## Excerpted records
........

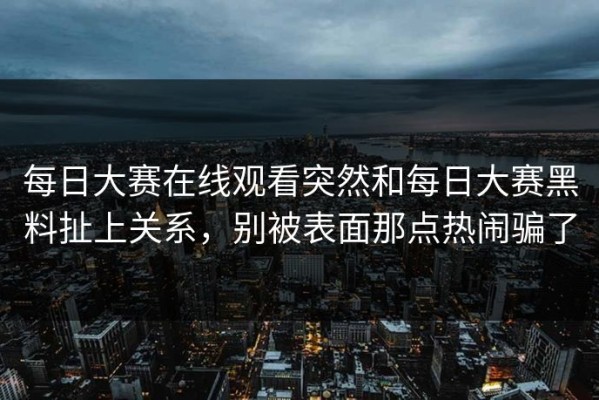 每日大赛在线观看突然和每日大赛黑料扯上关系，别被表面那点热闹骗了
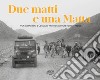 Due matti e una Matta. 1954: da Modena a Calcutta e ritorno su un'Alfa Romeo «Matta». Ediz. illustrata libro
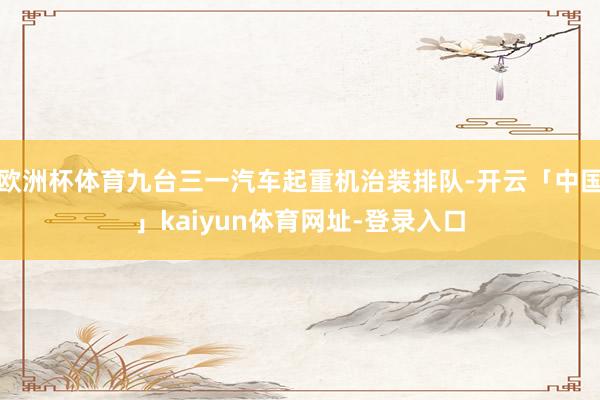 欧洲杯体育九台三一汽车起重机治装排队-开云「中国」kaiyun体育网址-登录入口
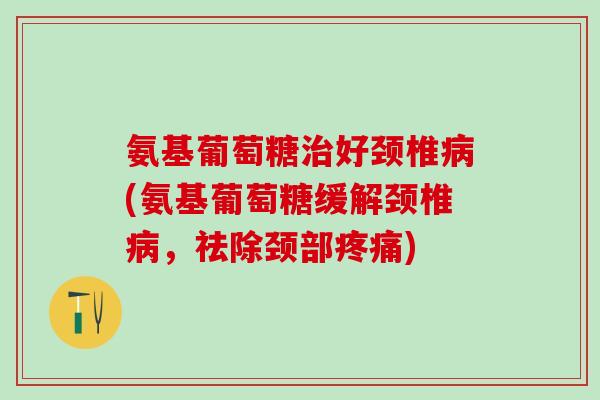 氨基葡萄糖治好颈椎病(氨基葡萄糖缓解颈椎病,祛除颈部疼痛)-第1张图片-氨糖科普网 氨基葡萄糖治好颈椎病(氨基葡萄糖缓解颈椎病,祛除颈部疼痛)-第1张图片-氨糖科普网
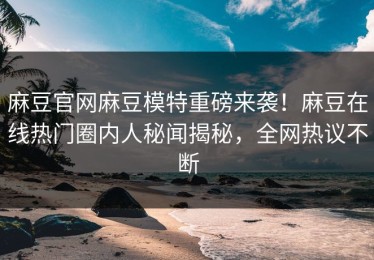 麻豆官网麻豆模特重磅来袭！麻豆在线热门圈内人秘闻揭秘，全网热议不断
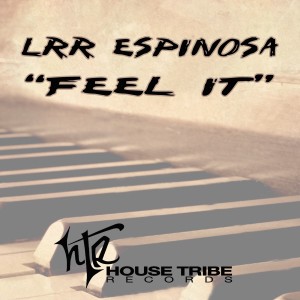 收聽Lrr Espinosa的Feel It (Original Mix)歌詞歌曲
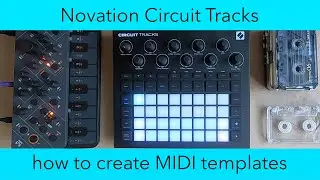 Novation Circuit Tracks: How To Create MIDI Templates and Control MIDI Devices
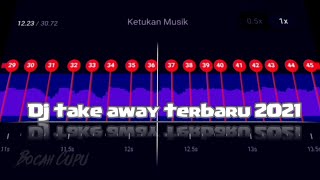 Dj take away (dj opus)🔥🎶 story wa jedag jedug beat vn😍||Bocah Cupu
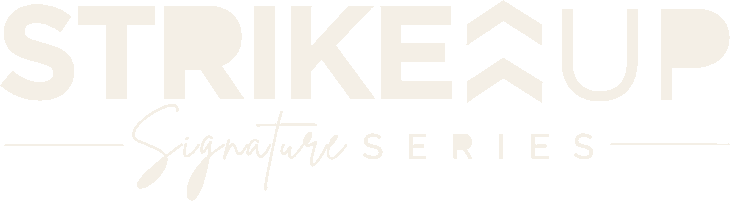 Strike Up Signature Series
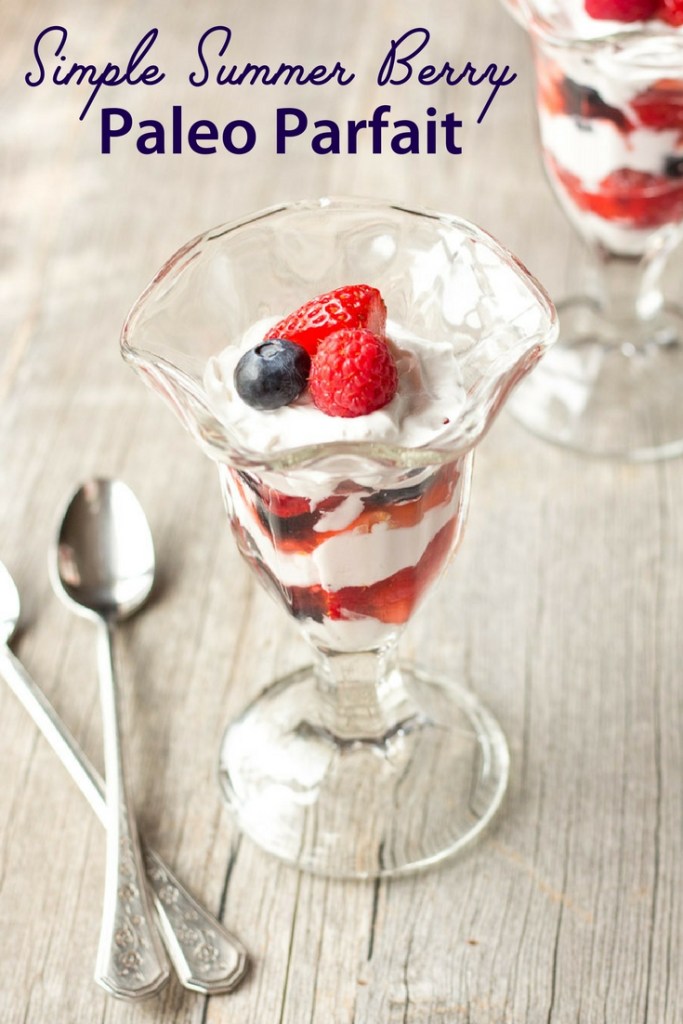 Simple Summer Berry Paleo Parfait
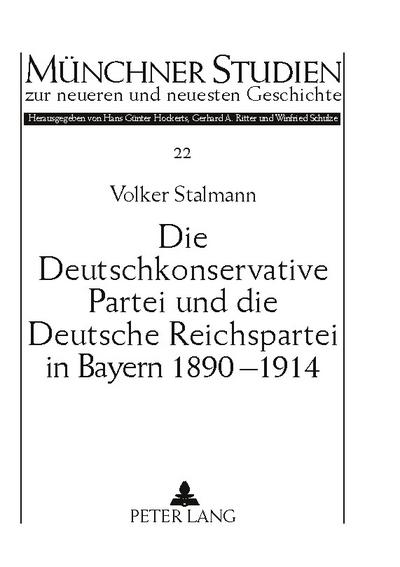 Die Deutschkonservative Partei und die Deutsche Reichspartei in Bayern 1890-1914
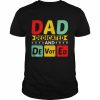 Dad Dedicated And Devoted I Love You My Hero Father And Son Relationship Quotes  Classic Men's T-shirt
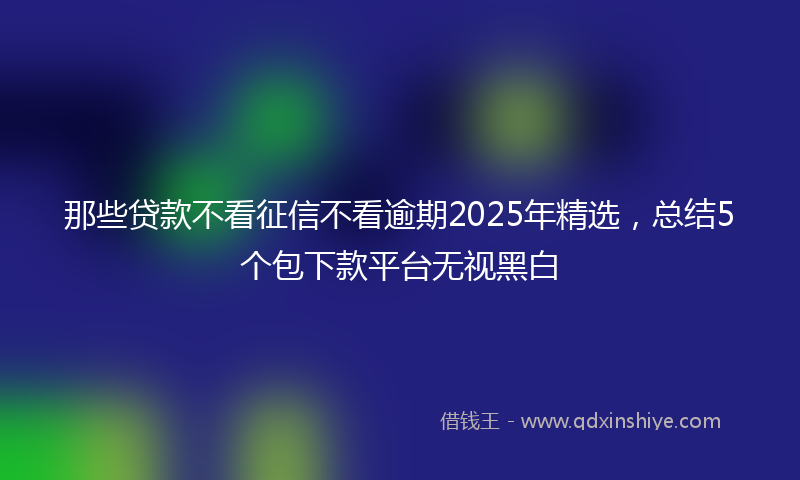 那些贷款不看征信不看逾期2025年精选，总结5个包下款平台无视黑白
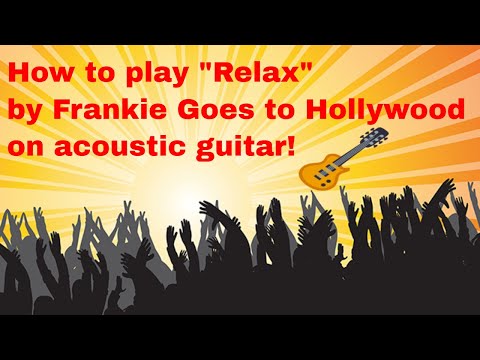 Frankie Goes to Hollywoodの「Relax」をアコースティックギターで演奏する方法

........

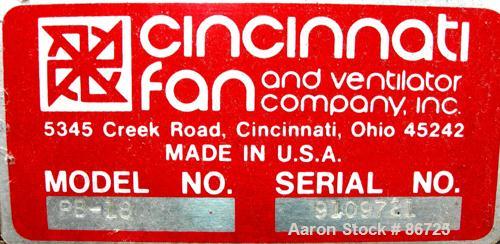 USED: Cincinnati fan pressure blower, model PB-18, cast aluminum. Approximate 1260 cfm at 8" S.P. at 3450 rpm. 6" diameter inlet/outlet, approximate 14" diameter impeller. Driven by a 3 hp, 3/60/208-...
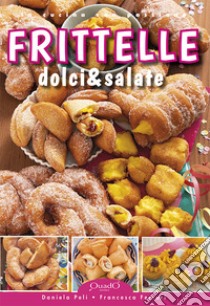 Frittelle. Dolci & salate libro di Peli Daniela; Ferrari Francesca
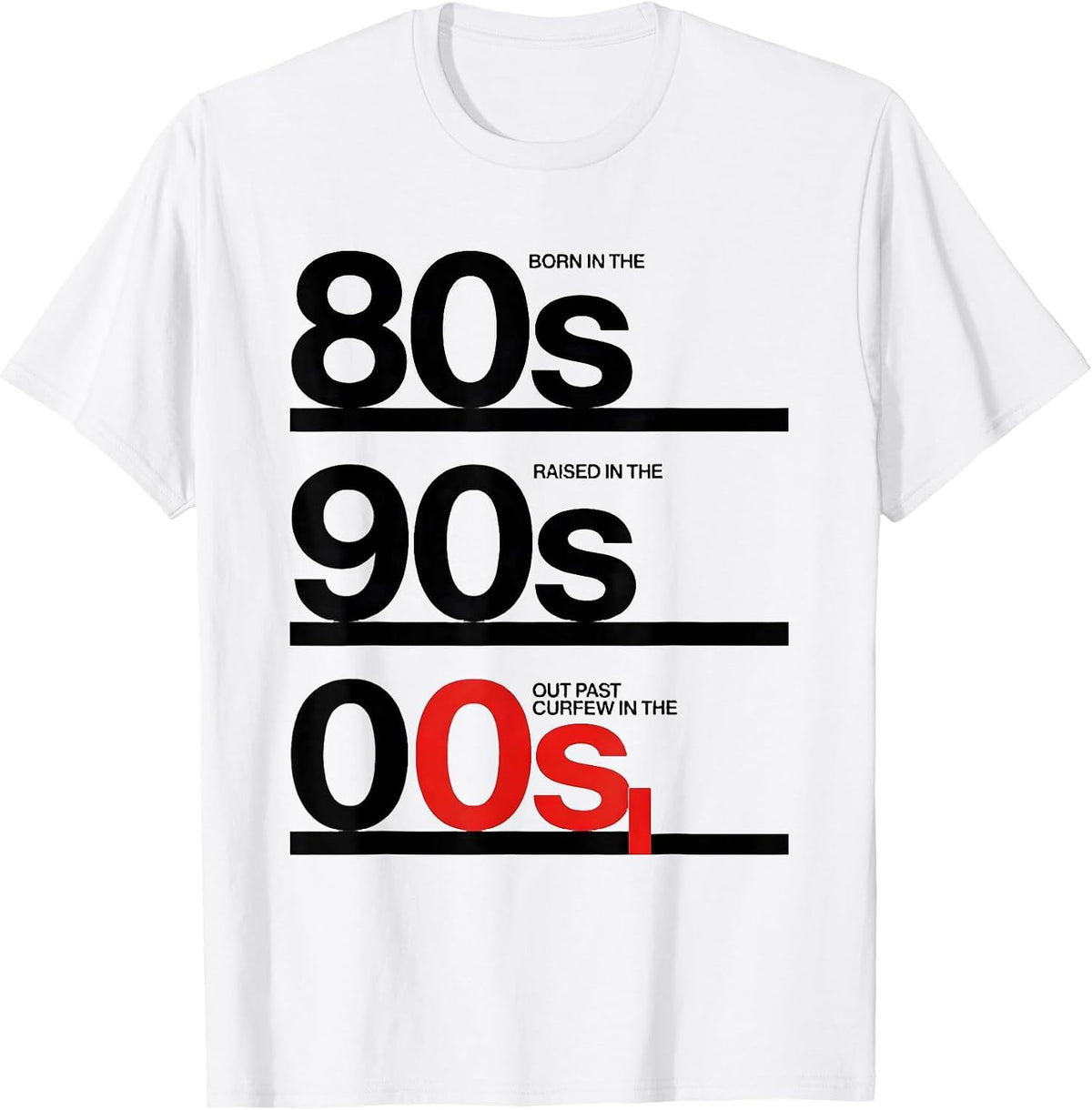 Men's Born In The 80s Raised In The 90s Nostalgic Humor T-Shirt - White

........

## Problem details
Lines wanted from the entries above: the one with "USED: Cincinnati fan", the one with "Men's Born In", and all lines between. Please copy them exactly, without the pictures and without anything else.

## Written response
 USED: Cincinnati fan pressure blower, model PB-18, cast aluminum. Approximate 1260 cfm at 8" S.P. at 3450 rpm. 6" diameter inlet/outlet, approximate 14" diameter impeller. Driven by a 3 hp, 3/60/208-...
 Frittelle. Dolci & salate libro di Peli Daniela; Ferrari Francesca
 Men's Born In The 80s Raised In The 90s Nostalgic Humor T-Shirt - White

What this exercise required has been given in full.